Laser Conductor James Noraky and Scott Skirlo Introduction After a long week of research, most MIT graduate students like to unwind by playing video games. To feel less guilty about being sedentary all week, some, like the authors of this proposal, prefer to play active games. However, because of the low graduate stipends, most students cannot afford game consoles like the Wii or Xbox, yet alone the accessories necessary to play active games. To democratize active gameplay, we detail how graduate students with access to the 6.111 labkit, a NTSC video camera, a laser galvanometer, and neon green gloves can create a game called Laser Conductor. Laser Conductor is an interactive game where the player assumes the role of a conductor. With the gloves as the baton, the player brandishes different gestures as the music of a symphony plays. The player is directed by arrows drawn by the laser galvanometer, which indicates how the player should move their hands. The figure below shows an example of a gesture sequence drawn by the laser galvanometer that the player must imitate. The player s gestures are then recognized and scored using visual input from the NTSC video camera. Laser Conductor: The laser galvanometer draws the current gesture as indicated by the square and the player moves his or her hand in the direction indicated by the arrows.
This report is organized as follows. First, we will describe gesture recognition module. Then, we will describe the memory module. This is followed by the game logic finite state machine. This report concludes with a discussion of the galvanometer control module. Gesture Recognition James Noraky In Laser Conductor, the users play as a conductor and move their hands in directions drawn by the laser galvanometer. A key part of the game is to recognize the user s gestures and compare them against the expected gestures. In this section, we describe how basic gesture recognition is accomplished. The gesture recognition subsystem takes as input images from a camera and outputs, if any, the direction that each hand is moving. Figure 1 shows the key components of this subsystem. Figure 1: Gesture recognition system with the relevant signals indicated First, we will briefly describe how the camera works. Then, we describe how the user s hands are first localized. Finally, we will describe how the locations of the hands are translated into gestures. These gestures are fed into the game logic finite state machine. Interfacing with the Camera To interface the lab kit with the camera, we use a NTSC camera. This camera outputs an analog signal which encodes the YCbCr color components and the control signals f, v, and h. As opposed to the raster scan operation of VGA monitors, the frames of a NTSC camera are interlaced. Consequently, there are two fields of lines that correspond to the even and odd lines of the image. This is signaled by the f bit. Similar to VGA monitors, the v and h signals are the vertical and horizontal sync signals. The code that converts the analog signal into a digital form and that obtains the f, v, and h signals are provided in [1]. Hand Localization To localize their hands, the users wear neon green gloves shown in Figure 2. This color is chosen because it is uncommon in the lab area and would minimize any sources of potential interference. To localize the hands, we first apply a threshold to the image obtained from the NTSC camera to obtain a binary image where 1 represents pixels that are neon green.

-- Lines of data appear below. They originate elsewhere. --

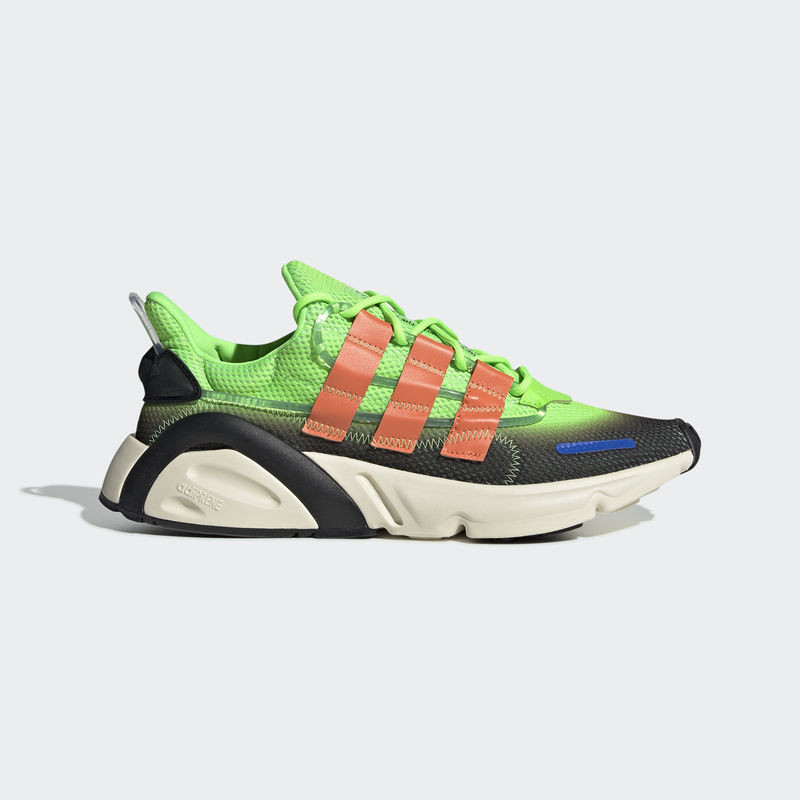 adidas LXCON X Model Pack ERA EG0386 Grailify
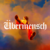 g-dragon-uebermensch-jewel-case-ver-cover-album-mkpop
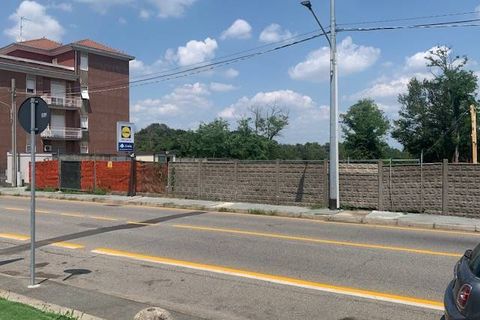 Villa i Legnano, Milan, Legnano - € 595.000 | Ref: 358 - foto 22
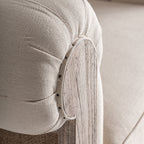 Sillón Gore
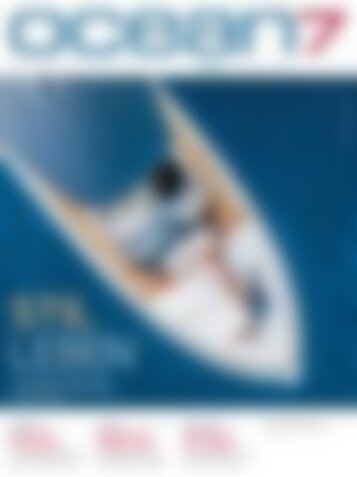 ocean7 5/2019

The NTSC camera outputs pixel color in the YCbCr color space, where 10 bits are allocated for each component. One approach to identifying the green pixels would be to convert the YCbCr color into the HSV color space, where a threshold can be applied to the hue value. Furthermore, this approach is also appealing because the code to convert YCbCr to RGB and to convert RGB to HSV are both provided [2]. Our approach instead first converts the YCbCr color of each pixel into RGB. We then threshold the green value of each pixel to obtain the binary image. Because we are not converting to HSV, we minimize the latency between the time a pixel is read to when a binary value is outputted. This approach is effective in localizing the gloves as shown in Figure 2. From this binary image, we will approximate center of each glove and track its trajectory to identify the correct gesture. Figure 2: Pipeline that converts the YCbCR into a binary image that localizes the green gloves, from which the centroids of the gloves are then computed. It should be noted that applying a threshold based on a minimum value alone (G > G thresh ) is not effective. This approach would produce a binary image that includes both the green gloves and any bright light sources because white light has significant values for all three RGB color channels. Here, we realize that we must also impose an upper bound for the green channel (G>G min && G<G max ), which accounts for the fact that the green glove does not reflect all of the incident light. With this insight, we were able to robustly localize the gloves. In addition to green, we found that this approach is also effective for identifying blue pixels. Once we obtain a binary image, our task is to then localize the position of the gloves. Because there will be some spurious noise, we can consider implementing median filters or morphological erosions. However, given the large size of the hands in the binary image, the computation of the centroid is robust to the small amount of noise. Another design choice was whether to segment the gloves. This can be done use some integral projections to figure the axis which separates the images of the two gloves. However, one reasonable assumption is to use the center of the image to separate the two gloves. This simplification leads to robust centroid tracking.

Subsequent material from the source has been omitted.